Thursday, March 13, 2014

Lively puts the concert in your pocket - for a price


Lively is an app that lets you download a professional, three-camera recording of a live music performance. Fo $5 you can hear a recording of the show you just saw minutes after the show is over, and video is available for $10 24 hours later. The service and its founder each possess some of the traits we've talked about in class. 

Lively's founder and CEO, Dean Graziano, is described as being a "disarmingly enthusiastic New Jersey native whose operating speed exceeds normal limits and whose conversation is peppered with startup jargon like “cap ex” (capital expenditure) and “scale it” (bang for your buck)."

They've also go a "special sauce" going for them. They've "developed a device to record shows directly through the mixing board and post them for sale almost immediately."

That's intriguing, because as someone who goes to a lot of shows and cares about sound, I wouldn't want the video recording if the sound wasn't up to par.

Lively charges $1000 for shooting and edits the video the next day. They take 30 percent of the retail income, the App Store gets 30 and the artist gets between 40 and 70 percent.

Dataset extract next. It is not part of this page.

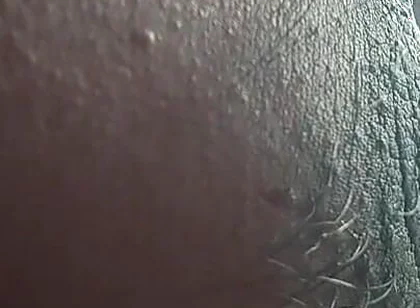 Armpit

Their location is another interesting factor. 18 of the company's 25 employees work at an Austin mansion called “Lively Manor,” where bonus material is recorded at a studio, sponsors are wooed at parties and community is "developed."

The article finishes on a dire note: "But the startup world is notoriously mercurial. And cutthroat. Another player, Evntlive, in Redwood City, Calif., recently entered the marketplace with $2.3 million in financing and was promptly gobbled up by Yahoo."

Source.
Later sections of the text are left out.